I have a catalog file which contains all the information I need, like the coordinates x
, y
, the radius r
, the strength s
, etc. The catalog also contains the information to target which file I am going to read (identified by n1
, n2
) and which spectra in that file I am going to use (identified by n3
).
The code I have now is:
import numpy as np
from itertools import izip
import fitsio
x = []
y = []
r = []
s = []
n1 = []
n2 = []
n3 = []
with open('spectra_ID.dat') as file_ID, open('catalog.txt') as file_c:
for line1, line2 in izip(file_ID,file_c):
parts1 = line1.split()
parts2 = line2.split()
n1.append(parts1[0])
n2.append(parts1[1])
n3.append(float(parts1[2]))
x.append(float(parts2[0]))
y.append(float(parts2[1]))
r.append(float(parts2[2]))
s.append(float(parts2[3]))
def data_analysis(idx_start,idx_end): #### loop over 10 million entries
data_stru = np.zeros((idx_end-idx_start), dtype=[('spec','f4',(200)),('x','f8'),('y','f8'),('r','f8'),('s','f8')])
for i in xrange(idx_start,idx_end)
filename = "../../../data/" + str(n1[i]) + "/spPlate-" + str(n1[i]) + "-" + str(n2[i]) + ".fits"
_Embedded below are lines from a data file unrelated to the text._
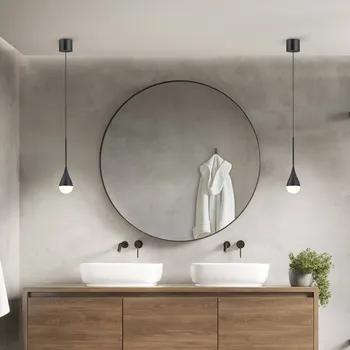 Závěsné světlo Helestra LED DUC, černé, IP44, Ø 7 cm černá LED 9 W celkem - Doprava zdarma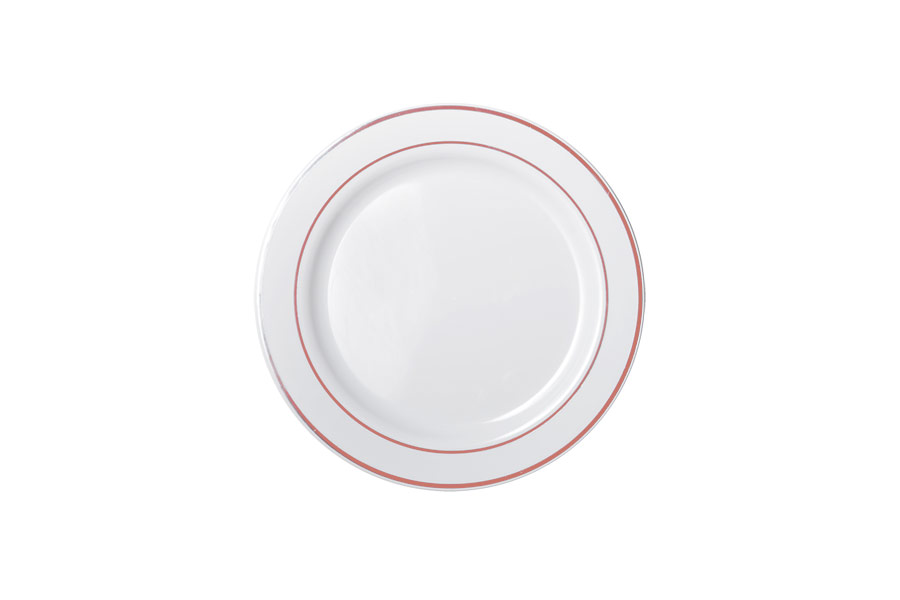 190mm Heavy Duty White Lunch Plate With Rose Gold Lining 6pk NIS Packaging & Party Supply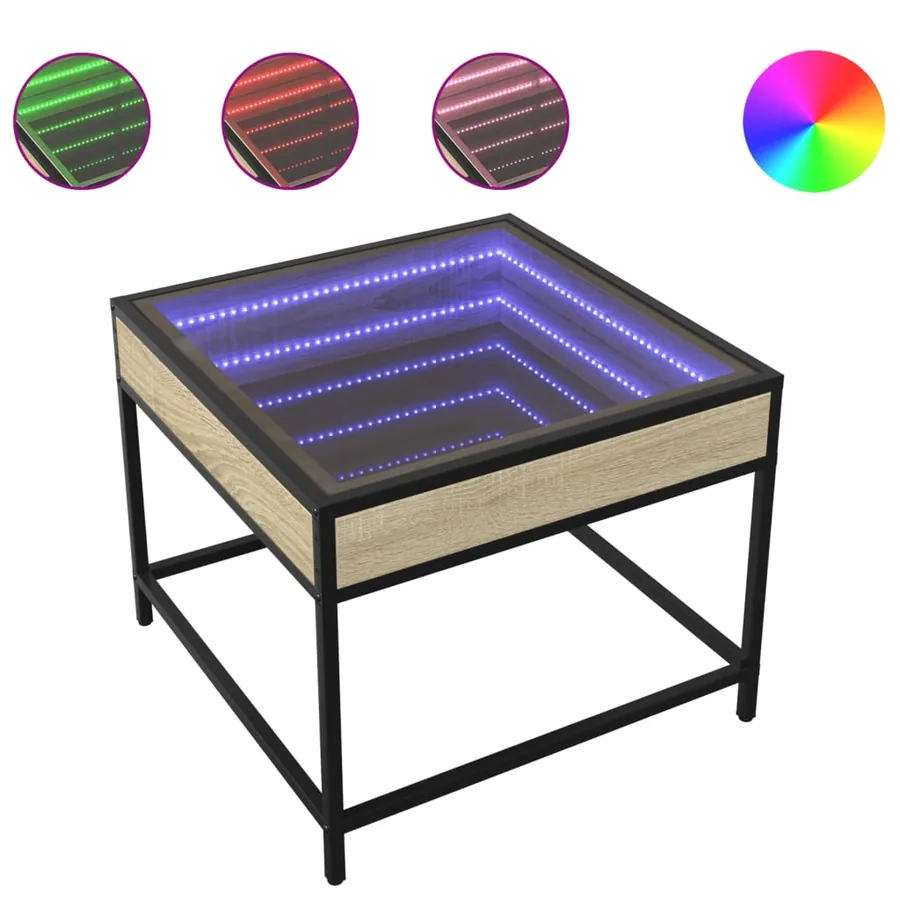 Table basse avec LED infini chêne sonoma 50x50x41 cm - 2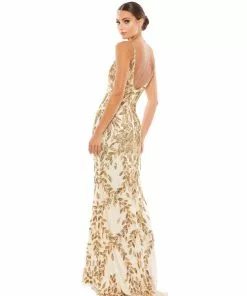 Mac Duggal Shop For Embellished Leaf Evening Gown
fits_spectra = fitsio.FITS(filename)
fluxx = fits_spectra[0][n3[i]-1:n3[i],0:4000] #### return a list of list
flux = fluxx[0]
hdu = fits_spectra[0].read_header()
wave_start = hdu['CRVAL1']
logwave = wave_start + 0.0001 * np.arange(4000)
wavegrid = np.power(10,logwave)
##### After I read the flux and the wavegrid, then I can do my following analysis.
##### save data to data_stru
##### Reading is the most time-consuming part of this code, my later analysis is not time consuming.
The problem is that the files are too big, there is no enough memory to load it at once, and my catalog is not structured such that all entries which will open the same file are grouped together. I wonder is there anyone who can offer some thoughts to split the large loop into two loops: 1) first loop over the files so that we can avoid repeatedly opening/reading files again and again, 2) loop over the entries which are going to use the same file.